Following several years of FDA outreach and industry input, the Food Safety Modernization Act’s Preventive Controls for Human Food rule is now officially final. The rule implements elements from the original proposal in 2013 as well as supplemental proposals since then. Several things have changed as a result.
Key Requirements
Covered facilities must establish and implement a food-safety system that includes an analysis of hazards and risk-based preventive controls. The rule requires a written food-safety plan including:
- Hazard analysis—identification of known or reasonably foreseeable hazards
- Preventive controls—ensure hazards requiring a preventive control will be minimized (process, food allergens, sanitation and supply-chain controls)

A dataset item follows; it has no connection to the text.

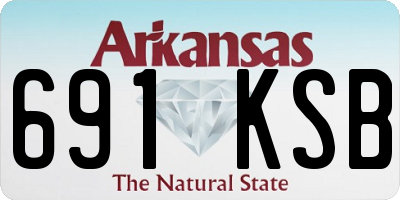 AR license plate 691KSB
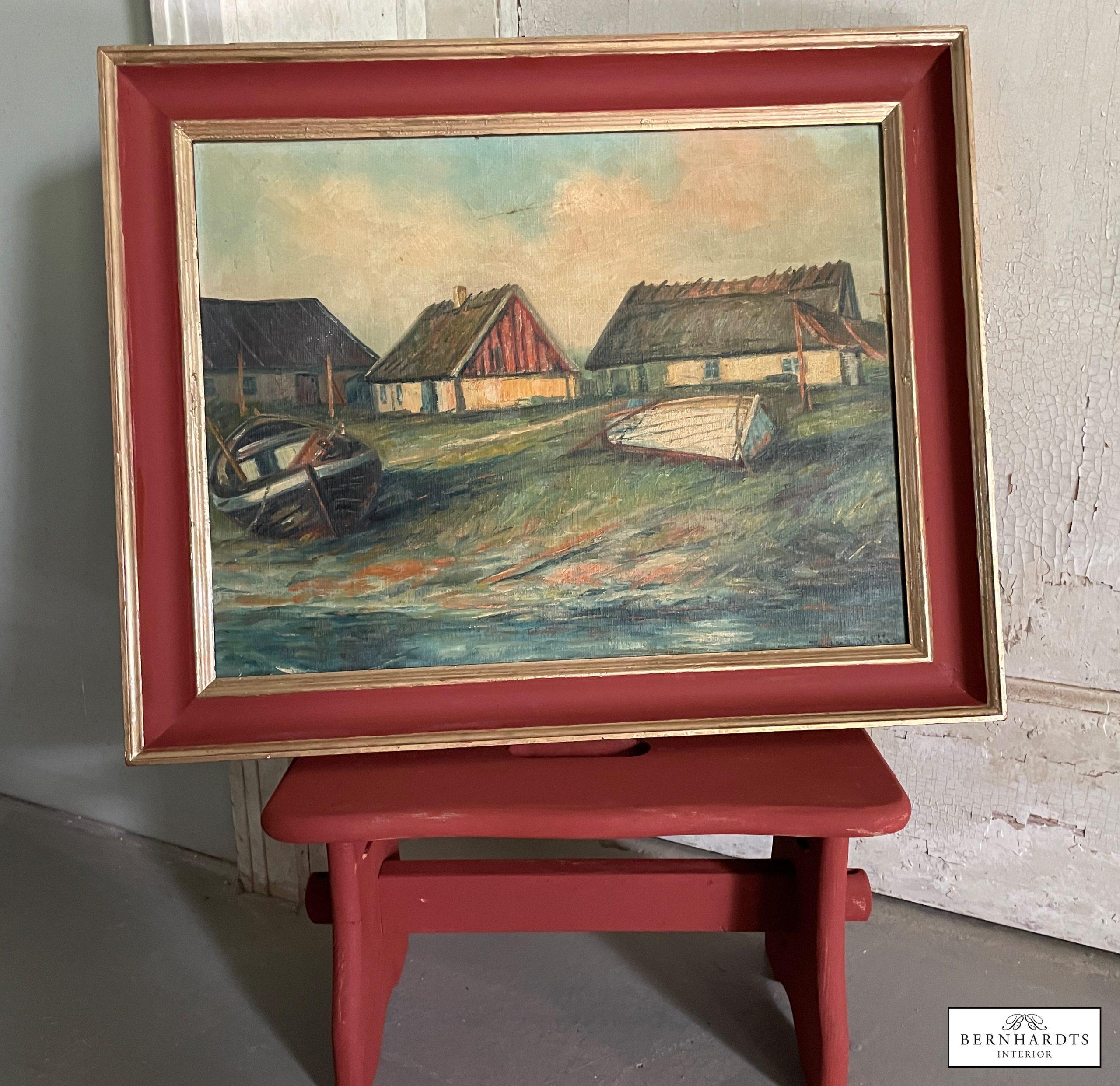 Antikes Ölgemälde_ Bernhardts Interior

- Preventive controls management and oversight—ensure effectiveness of preventive controls, including:
- Monitoring
- Corrective actions
- Verification (product testing, environmental monitoring required as appropriate to the food, facility, nature of the preventive control, and the role of that control in the facility’s food-safety system)
With the new rule, the FDA has offered a more flexible supply-chain program, laying out requirements for preventive controls when dealing with suppliers. There were also updates and clarifications to current good manufacturing practices, most notably the elimination of non-binding provisions — those that were are now binding.
Compliance dates
Businesses’ compliance dates are staggered based on size:
- Three years
- Very small businesses (averaging less than $1 million in annual sales of human food and the market value of human food manufactured, processed, packed or held without sale)
- Businesses subject to the Pasteurized Milk Ordinance
- Two years
- Small businesses (less than 500 full-time employees)
- One year
- All other businesses
There are also compliance dates for the supply-chain program.
The FDA is working to offer compliance assistance to facilities to educate and regulate the food industry. It is developing guidance programs on subjects such as hazard analysis, environmental monitoring and food allergen controls. Plans for technical assistance and training are also under way.